───── Data extract

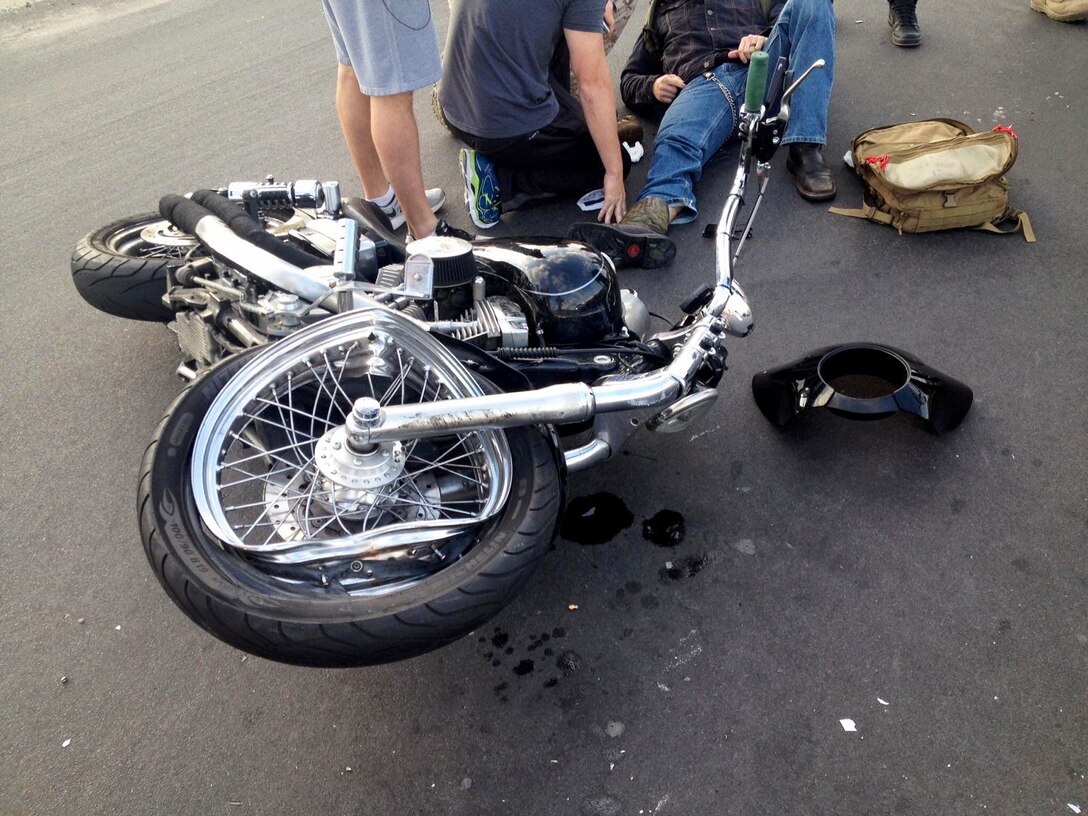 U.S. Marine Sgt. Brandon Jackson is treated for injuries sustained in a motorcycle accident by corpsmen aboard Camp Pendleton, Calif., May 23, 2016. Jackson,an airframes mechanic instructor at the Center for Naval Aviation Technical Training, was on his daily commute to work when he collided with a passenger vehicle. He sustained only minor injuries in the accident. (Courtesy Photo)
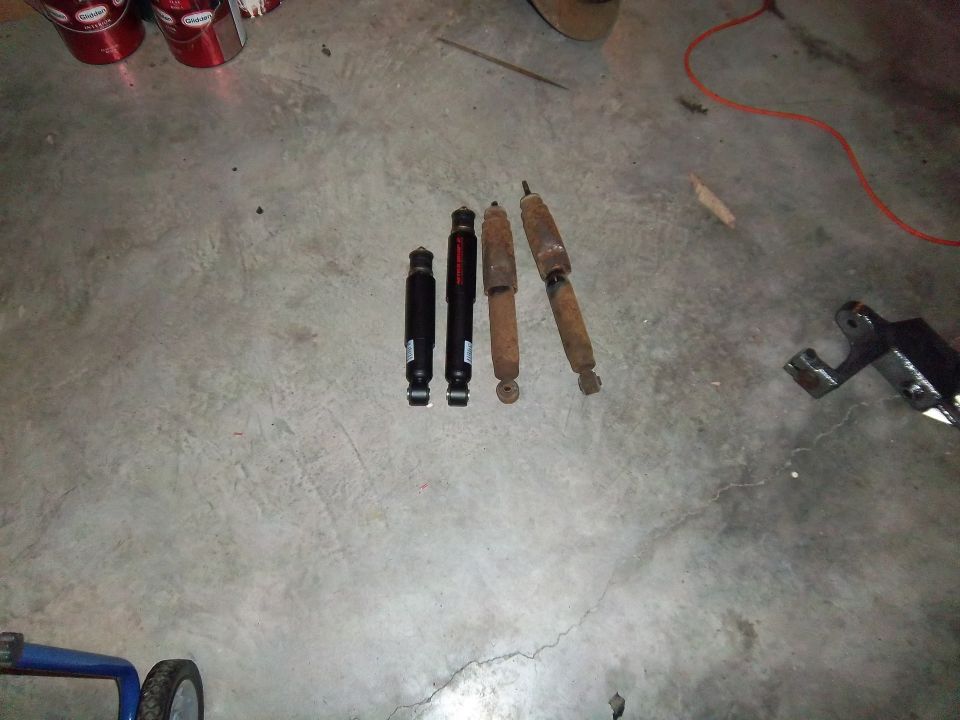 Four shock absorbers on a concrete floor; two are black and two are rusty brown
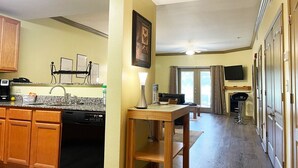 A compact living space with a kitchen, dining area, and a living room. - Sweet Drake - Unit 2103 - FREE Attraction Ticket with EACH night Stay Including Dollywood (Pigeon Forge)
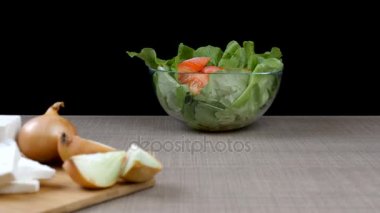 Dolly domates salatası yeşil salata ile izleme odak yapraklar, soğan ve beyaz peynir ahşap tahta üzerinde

──────────

» **Task objective**
Output the material above word for word. Leave out its images.

» **Result of the task**
 U.S. Marine Sgt. Brandon Jackson is treated for injuries sustained in a motorcycle accident by corpsmen aboard Camp Pendleton, Calif., May 23, 2016. Jackson,an airframes mechanic instructor at the Center for Naval Aviation Technical Training, was on his daily commute to work when he collided with a passenger vehicle. He sustained only minor injuries in the accident. (Courtesy Photo)
 Four shock absorbers on a concrete floor; two are black and two are rusty brown
 A compact living space with a kitchen, dining area, and a living room. - Sweet Drake - Unit 2103 - FREE Attraction Ticket with EACH night Stay Including Dollywood (Pigeon Forge)
 Dolly domates salatası yeşil salata ile izleme odak yapraklar, soğan ve beyaz peynir ahşap tahta üzerinde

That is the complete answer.